Hastanedeki tedavi genel olarak 15 günde tamamlanır. Yoğun ve uzun süreli alışkanlığı olanların tedavisi ise yaklaşık 30 gün sürer. Gerekli olan durumlarda hastaneden çıktıktan sonra tedaviye ayaktan devam edilir.

Uyuşturucu kullanan kişilerin yeni hayatlarına uyum göstermeleri ve ortam değişliği sağlamak amacıyla bir müddet başka evlerde yaşamaları faydalı olur.
Hastaneden çıktıktan sonraki Rehabilitasyon dönemi, kişinin fiziki, psikolojik ve sosyal yönden güç kazanması için önemli bir devredir.  Karşılaştığı sorunlarla tek başına mücadele etmesini sağlamak ve toplumda faydalı bir kişi olarak yaşantısını sürdürebilmek için yapılan çalışmaları içerir.

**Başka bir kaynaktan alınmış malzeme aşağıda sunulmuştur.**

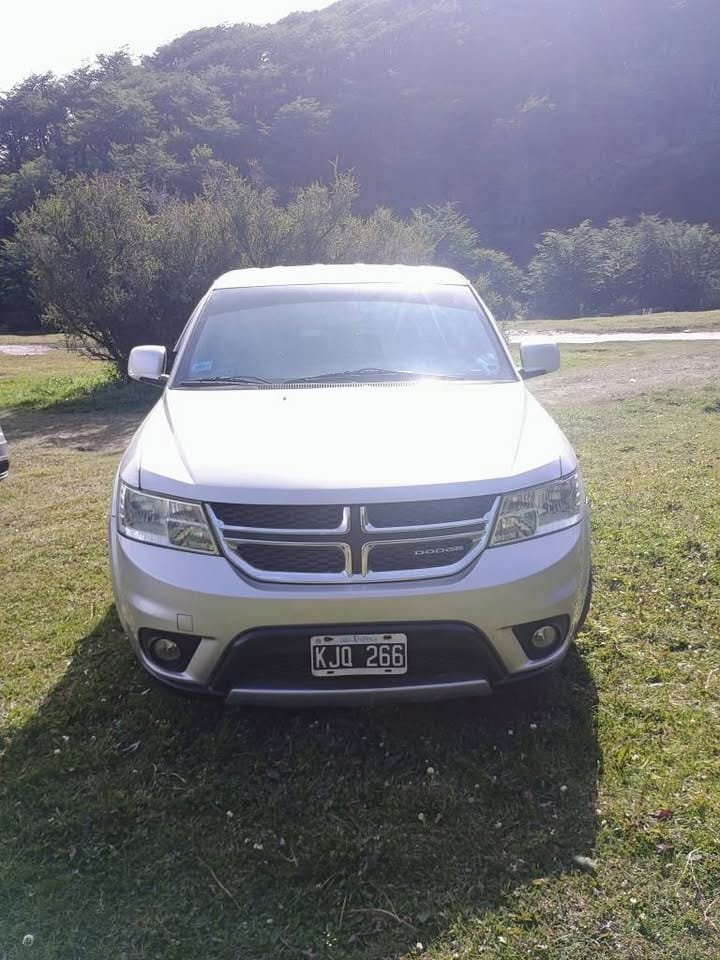 DODGE-JOURNEY-SE-2.4-00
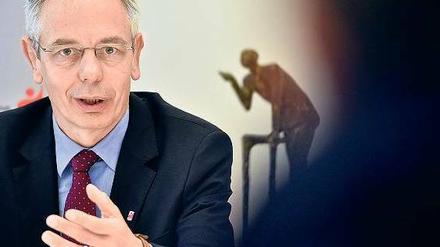 „Unfassbar teuer“ ist für Michael Vassiliadis die Förderung der erneuerbaren Energien. Foto: picture-alliance/dpa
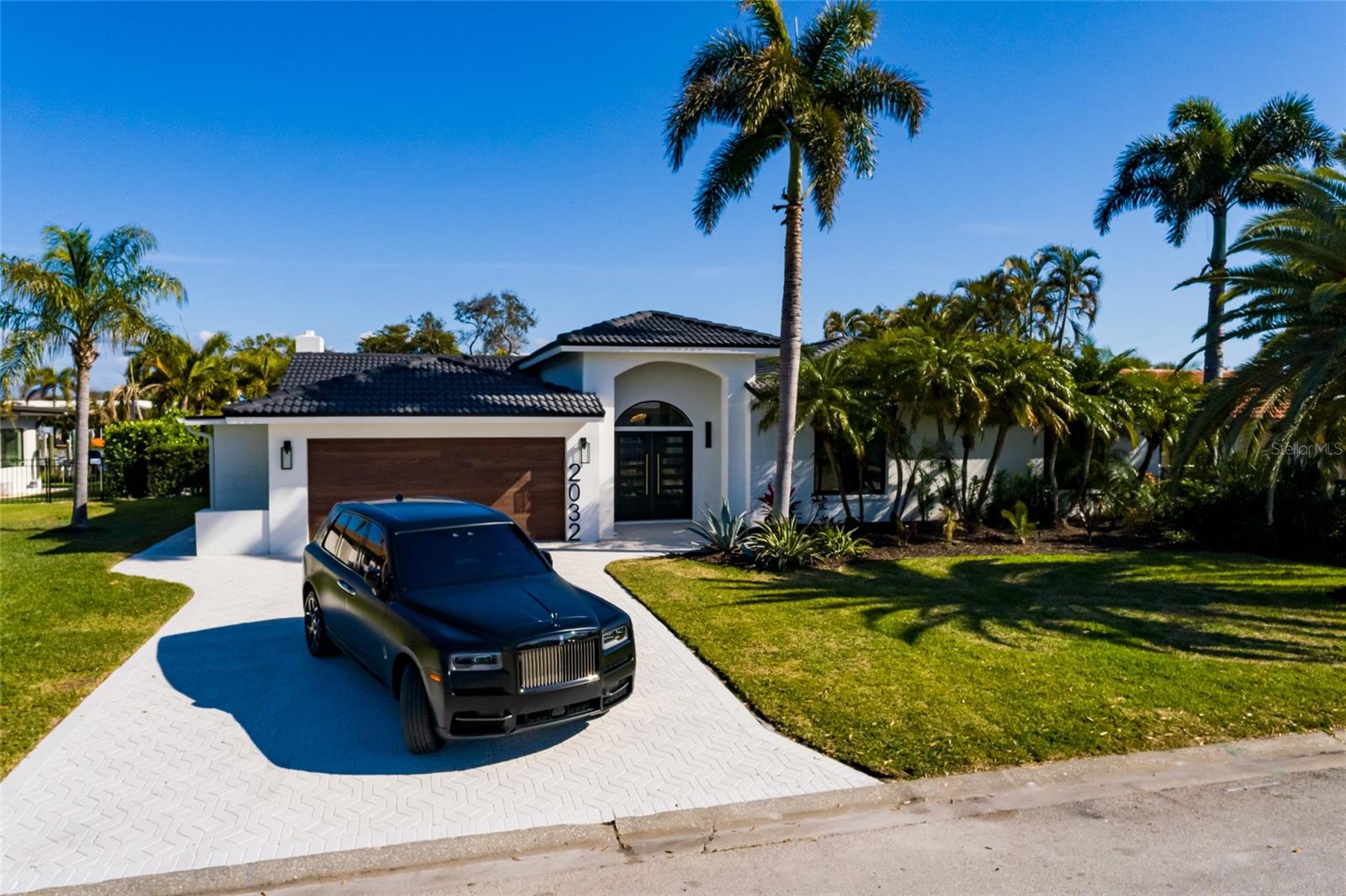 VENETIAN ISLES - Residential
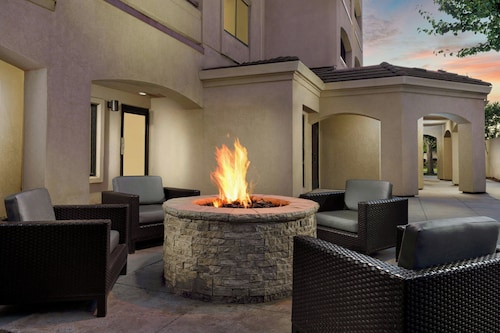 Courtyard by Marriott Salinas Monterey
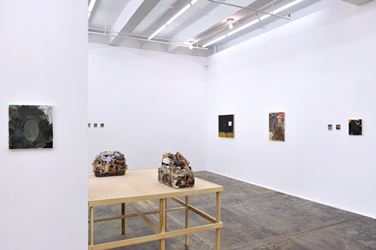 Exhibition view: Group Exhibition, are you dead yet?, Thomas Erben Gallery, New York (11 January–17 February, 2017). Courtesy Thomas Erben Gallery.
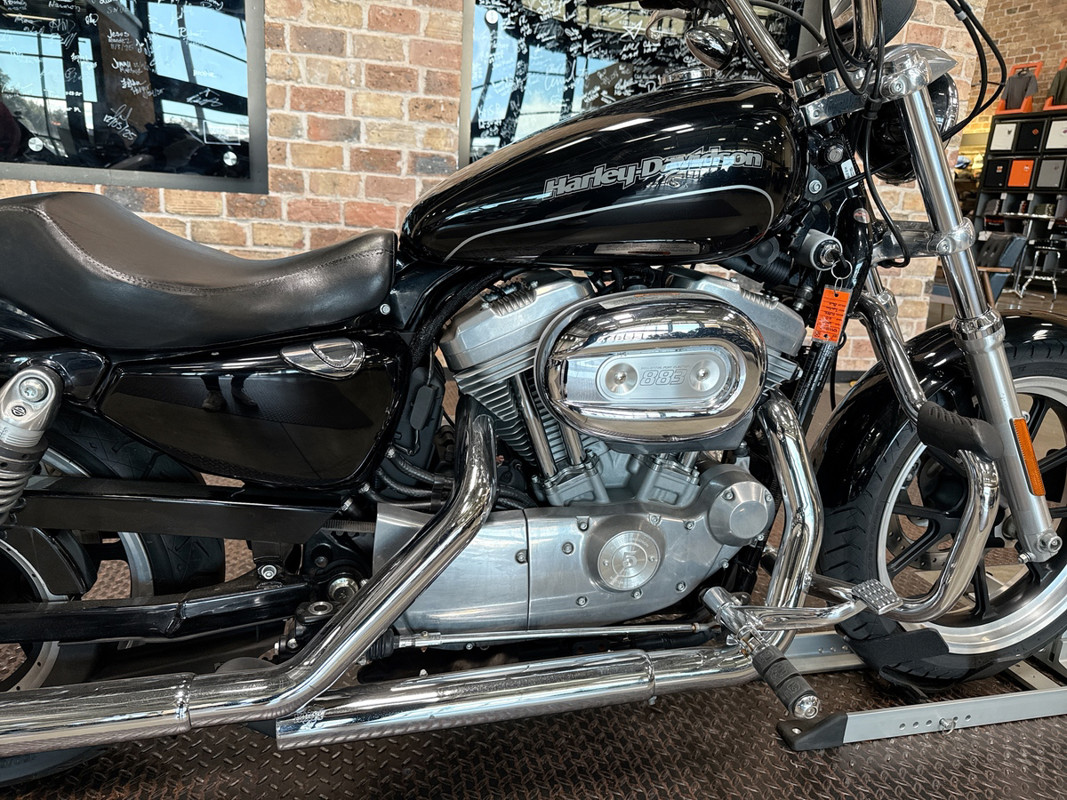 Sportster® SuperLow®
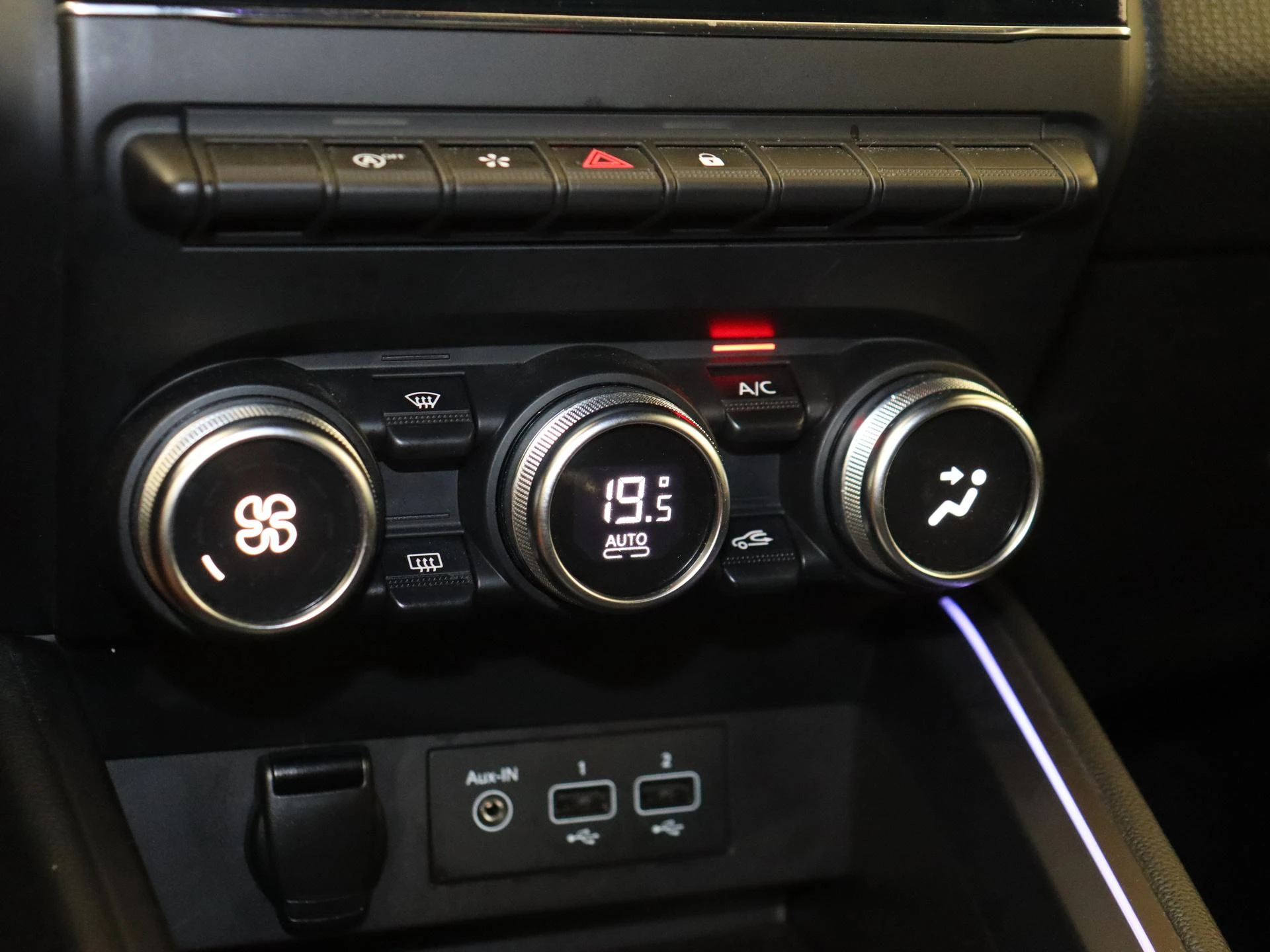 Renault-Clio-image-19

Bu nedenle hastaneden çıktıktan sonra kendi mesleğine ve yapısına uygun bir işe yerleştirilmeye çalışılır. Bu konuda yardımcı olunabileceği söylenir fakat söz verilmemelidir.

Tüm yönleriyle uyuşturucudan ve yarattığı komplikasyonlardan kurtulmuş olan kişi hastaneden çıktıktan sonra bu maddeleri tekrar kullanmayacağı konusunda kararlı olursa tedavi yüzde yüz başarı ile sonuçlanır. Uyuşturucu kullananların bir müddet sonra tekrar alışkanlıklarına yeniden döndükleri sık görülen bir durumdur. Araştırmalar göstermiştir ki uyuşturucuları bıraktıktan sonra bir kere bile almak, tekrar aynı yoğunlukta bağımlılığın oluşmasına sebep olmaktadır. O halde tedavi olduktan sonra bu maddelerin yaşam boyu bir daha kullanılmaması gerekir.